= Provided material =
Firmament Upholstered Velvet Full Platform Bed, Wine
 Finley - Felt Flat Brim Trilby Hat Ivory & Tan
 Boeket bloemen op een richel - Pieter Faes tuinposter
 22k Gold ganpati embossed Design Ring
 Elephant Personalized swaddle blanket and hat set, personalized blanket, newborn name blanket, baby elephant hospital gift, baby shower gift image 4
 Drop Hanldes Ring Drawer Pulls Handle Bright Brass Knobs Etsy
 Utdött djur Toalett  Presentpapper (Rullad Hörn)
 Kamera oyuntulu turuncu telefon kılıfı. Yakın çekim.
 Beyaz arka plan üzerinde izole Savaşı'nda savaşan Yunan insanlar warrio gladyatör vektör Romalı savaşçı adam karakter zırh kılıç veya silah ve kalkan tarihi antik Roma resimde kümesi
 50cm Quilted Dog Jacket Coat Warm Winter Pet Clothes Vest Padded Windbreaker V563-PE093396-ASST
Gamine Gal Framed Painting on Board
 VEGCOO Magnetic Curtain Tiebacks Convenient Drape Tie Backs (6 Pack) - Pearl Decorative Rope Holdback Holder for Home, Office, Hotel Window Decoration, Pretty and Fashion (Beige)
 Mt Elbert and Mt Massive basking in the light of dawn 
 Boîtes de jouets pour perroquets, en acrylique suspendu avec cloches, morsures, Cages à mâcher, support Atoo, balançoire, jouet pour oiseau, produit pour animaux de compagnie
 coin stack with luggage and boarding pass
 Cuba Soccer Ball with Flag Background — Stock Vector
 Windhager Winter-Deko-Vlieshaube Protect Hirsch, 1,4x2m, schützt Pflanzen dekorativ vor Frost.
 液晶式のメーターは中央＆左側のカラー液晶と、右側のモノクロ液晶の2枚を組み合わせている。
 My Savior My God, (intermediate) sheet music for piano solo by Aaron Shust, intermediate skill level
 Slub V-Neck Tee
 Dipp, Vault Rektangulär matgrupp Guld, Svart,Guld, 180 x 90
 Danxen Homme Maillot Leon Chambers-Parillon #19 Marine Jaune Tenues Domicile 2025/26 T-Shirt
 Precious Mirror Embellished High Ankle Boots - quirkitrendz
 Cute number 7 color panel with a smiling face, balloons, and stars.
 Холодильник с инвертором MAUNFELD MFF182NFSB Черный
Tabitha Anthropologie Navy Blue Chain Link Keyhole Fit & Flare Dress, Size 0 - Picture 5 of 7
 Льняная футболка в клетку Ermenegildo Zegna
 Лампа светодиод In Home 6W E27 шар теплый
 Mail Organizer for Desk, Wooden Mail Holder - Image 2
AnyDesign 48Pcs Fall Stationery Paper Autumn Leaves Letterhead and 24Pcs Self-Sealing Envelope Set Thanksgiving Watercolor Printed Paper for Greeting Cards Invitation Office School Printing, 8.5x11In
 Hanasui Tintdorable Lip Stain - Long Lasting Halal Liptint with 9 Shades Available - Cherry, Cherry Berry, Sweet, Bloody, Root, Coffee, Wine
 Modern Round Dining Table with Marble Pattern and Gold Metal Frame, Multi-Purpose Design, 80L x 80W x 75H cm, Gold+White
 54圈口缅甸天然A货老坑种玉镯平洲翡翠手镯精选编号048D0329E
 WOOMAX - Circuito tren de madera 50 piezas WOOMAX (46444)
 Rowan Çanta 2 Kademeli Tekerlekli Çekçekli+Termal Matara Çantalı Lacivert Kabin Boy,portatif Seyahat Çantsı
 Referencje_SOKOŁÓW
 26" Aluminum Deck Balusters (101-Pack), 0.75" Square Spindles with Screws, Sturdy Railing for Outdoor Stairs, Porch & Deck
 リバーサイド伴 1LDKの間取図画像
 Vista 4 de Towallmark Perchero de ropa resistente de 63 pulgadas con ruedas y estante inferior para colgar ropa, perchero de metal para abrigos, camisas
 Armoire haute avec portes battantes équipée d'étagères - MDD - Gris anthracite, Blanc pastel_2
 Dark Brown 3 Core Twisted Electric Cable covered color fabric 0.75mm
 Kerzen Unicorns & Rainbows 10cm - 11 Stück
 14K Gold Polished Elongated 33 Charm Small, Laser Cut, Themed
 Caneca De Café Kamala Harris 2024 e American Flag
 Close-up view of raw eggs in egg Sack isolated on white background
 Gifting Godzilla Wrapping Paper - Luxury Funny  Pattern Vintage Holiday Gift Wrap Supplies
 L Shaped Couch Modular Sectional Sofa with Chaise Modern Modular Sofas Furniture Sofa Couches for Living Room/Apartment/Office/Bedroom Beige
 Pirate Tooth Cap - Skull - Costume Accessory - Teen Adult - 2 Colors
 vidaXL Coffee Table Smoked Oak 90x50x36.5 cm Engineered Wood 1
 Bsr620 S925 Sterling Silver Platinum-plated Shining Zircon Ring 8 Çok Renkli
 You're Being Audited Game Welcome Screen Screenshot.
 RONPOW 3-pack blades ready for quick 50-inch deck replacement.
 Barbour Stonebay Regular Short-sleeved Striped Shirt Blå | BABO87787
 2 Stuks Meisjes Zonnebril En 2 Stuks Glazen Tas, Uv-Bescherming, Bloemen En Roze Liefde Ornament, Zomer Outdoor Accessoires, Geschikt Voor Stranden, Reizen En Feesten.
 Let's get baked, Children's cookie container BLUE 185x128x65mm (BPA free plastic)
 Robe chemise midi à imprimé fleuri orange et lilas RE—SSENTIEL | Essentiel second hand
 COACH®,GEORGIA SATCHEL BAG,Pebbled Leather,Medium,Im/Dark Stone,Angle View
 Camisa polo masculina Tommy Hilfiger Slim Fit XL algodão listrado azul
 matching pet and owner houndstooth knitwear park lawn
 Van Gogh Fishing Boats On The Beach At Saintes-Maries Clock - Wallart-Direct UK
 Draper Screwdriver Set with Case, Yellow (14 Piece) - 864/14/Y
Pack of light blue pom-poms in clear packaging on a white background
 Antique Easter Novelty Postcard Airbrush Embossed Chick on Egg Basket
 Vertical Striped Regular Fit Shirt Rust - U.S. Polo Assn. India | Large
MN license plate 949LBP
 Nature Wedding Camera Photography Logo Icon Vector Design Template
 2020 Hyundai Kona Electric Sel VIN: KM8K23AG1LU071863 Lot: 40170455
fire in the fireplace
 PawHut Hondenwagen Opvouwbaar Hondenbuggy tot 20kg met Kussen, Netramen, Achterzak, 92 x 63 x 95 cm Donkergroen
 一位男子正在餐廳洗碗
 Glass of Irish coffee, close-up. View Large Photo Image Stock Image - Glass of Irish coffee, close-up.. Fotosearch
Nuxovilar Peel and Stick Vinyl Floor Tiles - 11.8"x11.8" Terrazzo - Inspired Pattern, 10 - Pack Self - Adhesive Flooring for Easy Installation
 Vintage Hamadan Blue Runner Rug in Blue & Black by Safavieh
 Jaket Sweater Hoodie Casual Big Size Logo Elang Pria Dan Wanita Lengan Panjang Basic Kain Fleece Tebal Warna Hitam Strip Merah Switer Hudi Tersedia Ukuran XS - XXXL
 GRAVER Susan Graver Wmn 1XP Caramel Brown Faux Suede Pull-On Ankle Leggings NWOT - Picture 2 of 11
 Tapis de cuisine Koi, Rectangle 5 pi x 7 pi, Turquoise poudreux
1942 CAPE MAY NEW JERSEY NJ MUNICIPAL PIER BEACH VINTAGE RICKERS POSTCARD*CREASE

= Work instructions =
The lines from the beginning of the records through the line containing "22k Gold ganpati embossed Design Ring" should be reproduced exactly. Include nothing else.

= Answer space =
Firmament Upholstered Velvet Full Platform Bed, Wine
 Finley - Felt Flat Brim Trilby Hat Ivory & Tan
 Boeket bloemen op een richel - Pieter Faes tuinposter
 22k Gold ganpati embossed Design Ring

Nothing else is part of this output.